Wiek: 31 Dołączyła: 18 Lis 2011 Posty: 2881 Skąd: Warszawa
Wysłany: 2013-04-13, 22:16
I w końcu doczekaliśmy się wiosny Dziś mieliśmy dzień odwiedziny - rano odwiedził nas Jack ( jeszcze bez Bonili) a później Ofelka było wesoło i z pewnością jak tylko zrobi się sucho umówimy się na duuuuży spacer z całym okolicznym towarzystwem oczywiście nieokolicznych też zapraszam w toruńskie strony.
Nasza Babulinka Lalinka
Sezon dziuro-dołów Lars uważa za otwarty!
Ofelko-Laluchowe sekrety
spisek:
a na koniec wtuliły się wszystkie 3 tak, że na zdjęciu wygląda jakby były 2
Śliczności Kochane! Dajcie Wy jej tam w tym Głogowie troszkę odetchnąć,co?
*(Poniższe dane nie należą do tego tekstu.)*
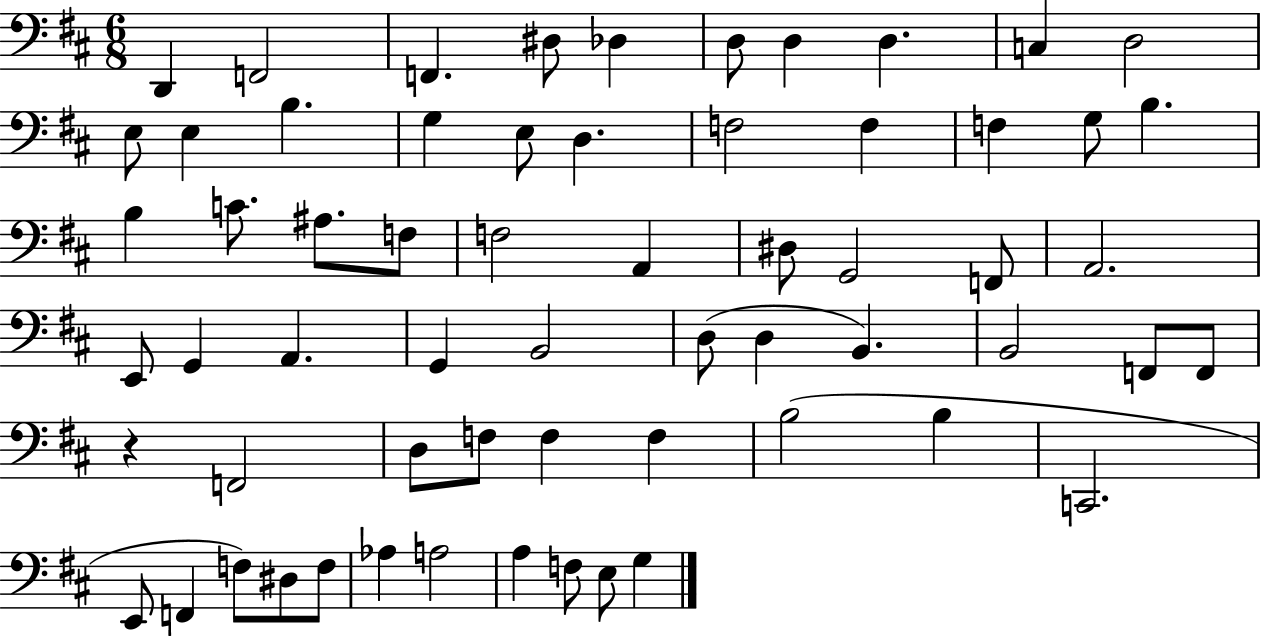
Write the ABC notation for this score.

X:1
T:Untitled
M:6/8
L:1/4
K:D
D,, F,,2 F,, ^D,/2 _D, D,/2 D, D, C, D,2 E,/2 E, B, G, E,/2 D, F,2 F, F, G,/2 B, B, C/2 ^A,/2 F,/2 F,2 A,, ^D,/2 G,,2 F,,/2 A,,2 E,,/2 G,, A,, G,, B,,2 D,/2 D, B,, B,,2 F,,/2 F,,/2 z F,,2 D,/2 F,/2 F, F, B,2 B, C,,2 E,,/2 F,, F,/2 ^D,/2 F,/2 _A, A,2 A, F,/2 E,/2 G,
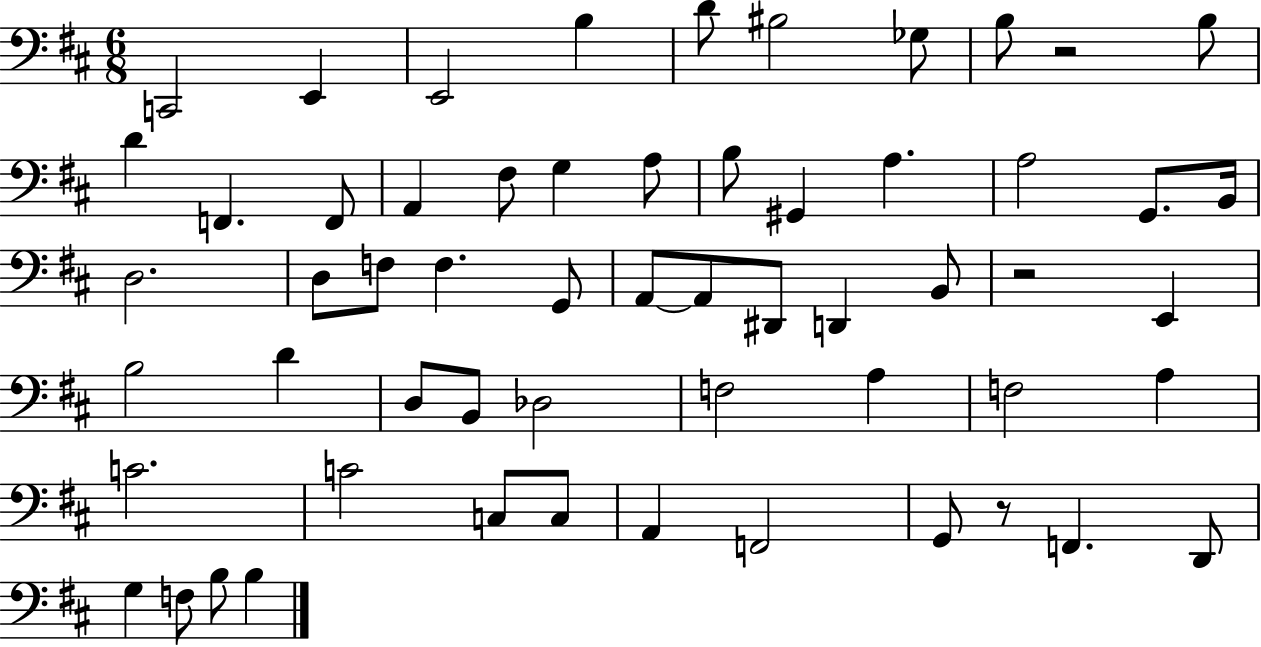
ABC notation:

X:1
T:Untitled
M:6/8
L:1/4
K:D
C,,2 E,, E,,2 B, D/2 ^B,2 _G,/2 B,/2 z2 B,/2 D F,, F,,/2 A,, ^F,/2 G, A,/2 B,/2 ^G,, A, A,2 G,,/2 B,,/4 D,2 D,/2 F,/2 F, G,,/2 A,,/2 A,,/2 ^D,,/2 D,, B,,/2 z2 E,, B,2 D D,/2 B,,/2 _D,2 F,2 A, F,2 A, C2 C2 C,/2 C,/2 A,, F,,2 G,,/2 z/2 F,, D,,/2 G, F,/2 B,/2 B,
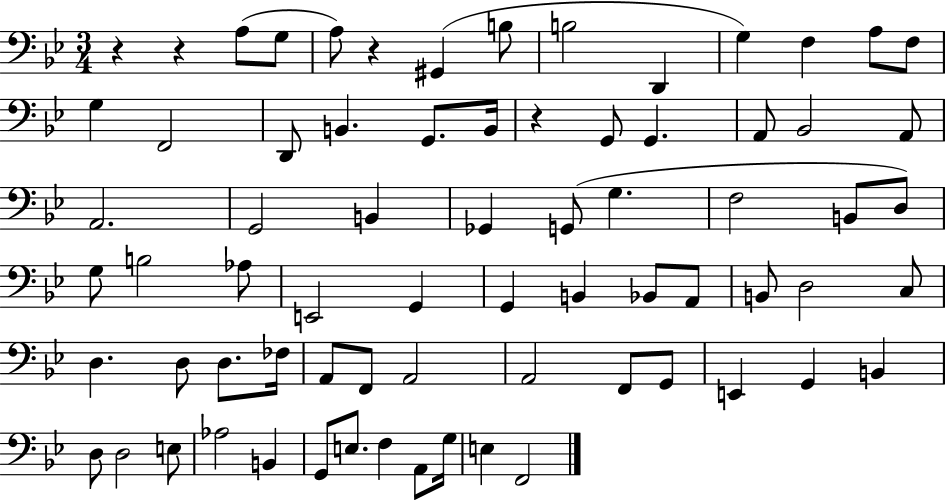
X:1
T:Untitled
M:3/4
L:1/4
K:Bb
z z A,/2 G,/2 A,/2 z ^G,, B,/2 B,2 D,, G, F, A,/2 F,/2 G, F,,2 D,,/2 B,, G,,/2 B,,/4 z G,,/2 G,, A,,/2 _B,,2 A,,/2 A,,2 G,,2 B,, _G,, G,,/2 G, F,2 B,,/2 D,/2 G,/2 B,2 _A,/2 E,,2 G,, G,, B,, _B,,/2 A,,/2 B,,/2 D,2 C,/2 D, D,/2 D,/2 _F,/4 A,,/2 F,,/2 A,,2 A,,2 F,,/2 G,,/2 E,, G,, B,, D,/2 D,2 E,/2 _A,2 B,, G,,/2 E,/2 F, A,,/2 G,/4 E, F,,2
_________________ "Dobroczynność nie polega na dawaniu kości psu.Dobroczynność to kość dzielona z psem wówczas,gdy jesteś równie głodny jak on." - Jack London
Dołączyła: 20 Mar 2013 Posty: 1666 Skąd: Bydgoszcz
Wysłany: 2013-09-11, 16:41
Wspaniałe pyszczki
_________________ "A Ty w oczy patrzysz i łeb przekrzywiasz, jakbyś chciał zrozumieć mnie lepiej.
I w ogień skoczyłbyś za mną, choć jestem tylko człowiekiem...".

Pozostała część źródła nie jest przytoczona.